In a judgment handed down on 24 July 2017, the Court of Appeal dismissed the appeals of three customers against three different banks on whether they were owed a duty of care when conducting an interest rate hedging product mis-selling review ordered by the FCA.

Background

  • In June 2012, the FSA (as it was then) announced the outcome of a review of IRHP sales stating it had found shortcomings in over 90% of sales. To avoid enforcement action by the FSA, most banks entered into agreements with the FSA and gave written undertakings.
  • The banks agreed to (amongst other things) appoint a 'skilled person' under Section 166 of the Financial Services and Markets Act 2000 (FSMA). The skilled person, accountancy firm KPMG LLP, was required to review IRHP sales within its scope, approve all communications from the banks and report weekly to the FSA and, from 1 April 2013, the newly formed Financial Conduct Authority (FCA) on progress (collectively the Review).
  • In these three linked appeals, the Court of Appeal considered whether the Review conducted under the agreement between the banks and their statutory regulator gave rise to any duty of care by the banks to those businesses to carry out those reviews with reasonable skill and care.

Facts

CGL Group Limited v Royal Bank of Scotland plc

  • CGL Group Limited (CGL) bought a collar (in July 2006) and a swap (in April 2007) from the Royal Bank of Scotland plc (RBS) and National Westminster Bank plc (NatWest).
  • In 2013, RBS told CGL it fell within the Review and it qualified for redress for the collar but not for the swap.
  • In January 2015, CGL issued proceedings against RBS claiming both products had been mis-sold. RBS applied to strike out the claim and for summary judgment saying the claims were out of time. CGL then applied to amend its particulars of claim to include a claim for (amongst other things) a breach of a duty of care by RBS to conduct the Review in accordance with the undertakings given to the FSA.
  • RBS argued all these allegations were statute-barred under the Limitation Act 1980 because they were over six years old. RBS submitted CGL had been fully aware of the facts by November 2009 (before the publication of the Review). CGL conceded the limitation period had expired, but instead relied on the 'date of knowledge' provisions in section 14A of the Limitation Act 1980 and argued it did not acquire the relevant knowledge until June 2012 (when the media published reports of the Review).
  • On 12 January 2016, His Honour Judge Bird refused CGL's application for permission to amend its particulars but granted RBS's application to strike out CGL's claim because it was statute-barred.

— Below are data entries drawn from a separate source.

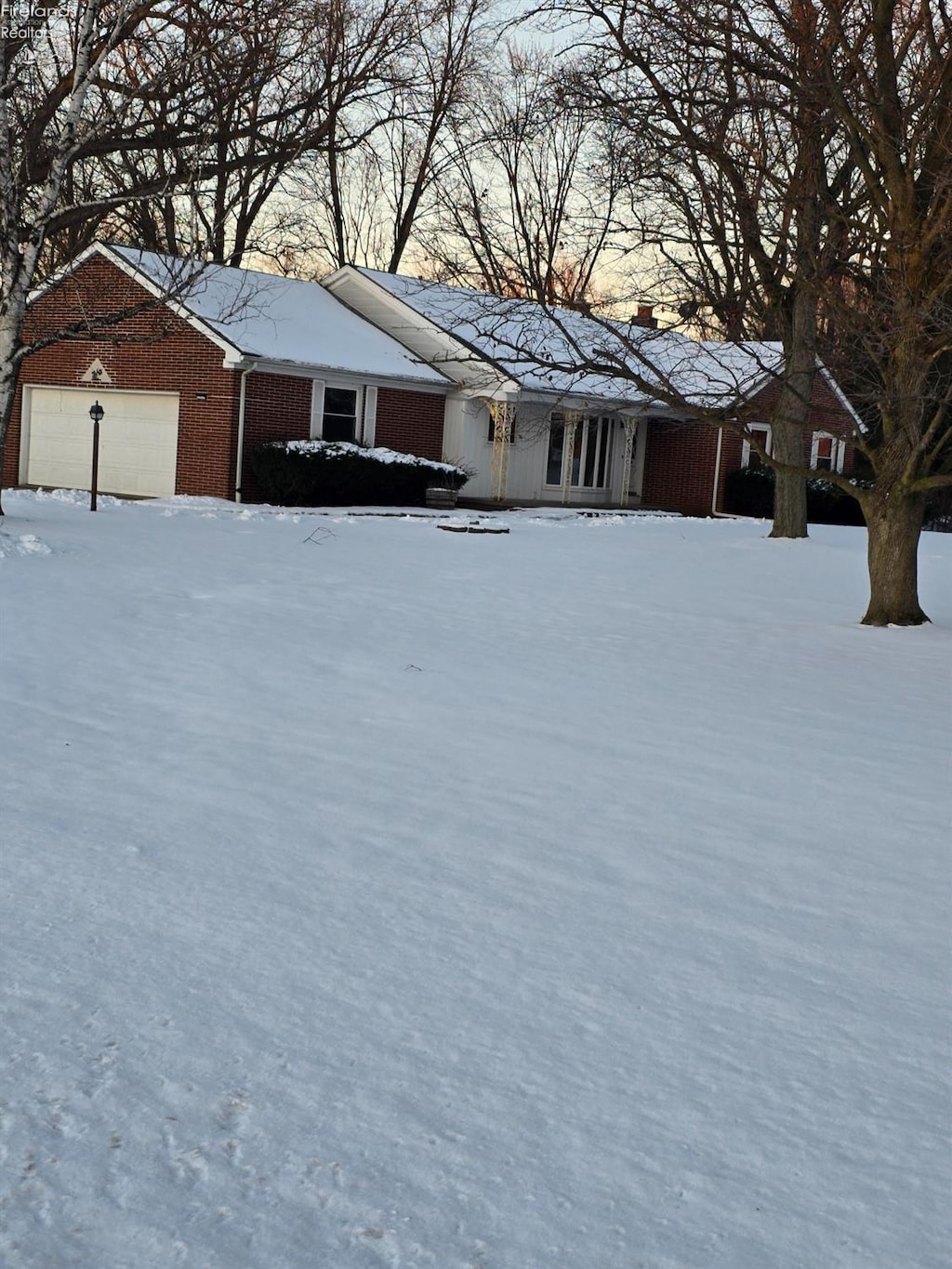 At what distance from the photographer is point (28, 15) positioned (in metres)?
16.9

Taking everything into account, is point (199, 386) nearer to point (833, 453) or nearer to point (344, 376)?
point (344, 376)

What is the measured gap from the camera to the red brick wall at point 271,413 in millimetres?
25406

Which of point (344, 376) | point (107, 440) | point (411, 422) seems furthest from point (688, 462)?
point (107, 440)

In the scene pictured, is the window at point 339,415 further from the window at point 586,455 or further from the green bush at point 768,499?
the green bush at point 768,499

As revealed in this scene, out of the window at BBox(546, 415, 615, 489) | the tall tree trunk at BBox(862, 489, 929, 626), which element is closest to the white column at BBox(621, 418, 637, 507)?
the window at BBox(546, 415, 615, 489)

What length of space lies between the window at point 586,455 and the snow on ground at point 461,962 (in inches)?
924

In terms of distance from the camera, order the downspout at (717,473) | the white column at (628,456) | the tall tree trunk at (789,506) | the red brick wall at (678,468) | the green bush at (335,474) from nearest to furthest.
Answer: the tall tree trunk at (789,506) → the green bush at (335,474) → the white column at (628,456) → the downspout at (717,473) → the red brick wall at (678,468)

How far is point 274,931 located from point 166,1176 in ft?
4.49

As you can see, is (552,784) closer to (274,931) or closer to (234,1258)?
(274,931)

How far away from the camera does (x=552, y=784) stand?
618cm

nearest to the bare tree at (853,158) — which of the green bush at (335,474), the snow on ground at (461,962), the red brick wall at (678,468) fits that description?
the snow on ground at (461,962)

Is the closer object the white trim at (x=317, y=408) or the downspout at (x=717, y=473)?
the white trim at (x=317, y=408)

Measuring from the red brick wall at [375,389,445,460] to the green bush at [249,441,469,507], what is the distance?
6.17ft

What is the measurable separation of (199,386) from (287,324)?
118 inches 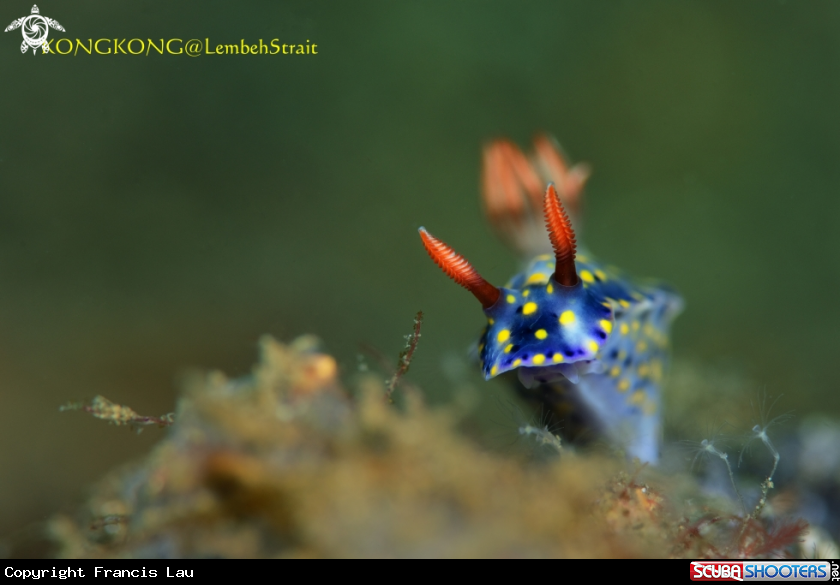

WW Property Investments Limited v National Westminster Bank plc

  • Between 2004 and 2010, WW Property Investments Limited (WW) borrowed money from NatWest. By the terms, those loans were hedged and the parties entered into 4 IRHPs (the first three were collars and the fourth was a swap).
  • In 2014, following the Review, both sides entered into a compromise agreement for the sale of the collars. WW received compensation of £424,152.06. The settlement agreement said it was in full and final settlement subject to WW being able to claim consequential losses.
  • WW sought compensation for consequential loss arguing the collars and swap were wagering contracts at common law and were therefore invalid because NatWest had greater knowledge than WW of the prospects for the hedge. WW also claimed it was an implied term NatWest had not, and would not, manipulate any LIBOR index.
  • On 1 March 2016, His Honour Judge Roger Kaye QC struck out WW's claims for the collars because the compromise agreement has settled those claims and decided the swap claim had no reasonable prospect of success. He also refused WW's application to amend the particulars to introduce a claim for breach of duty of care.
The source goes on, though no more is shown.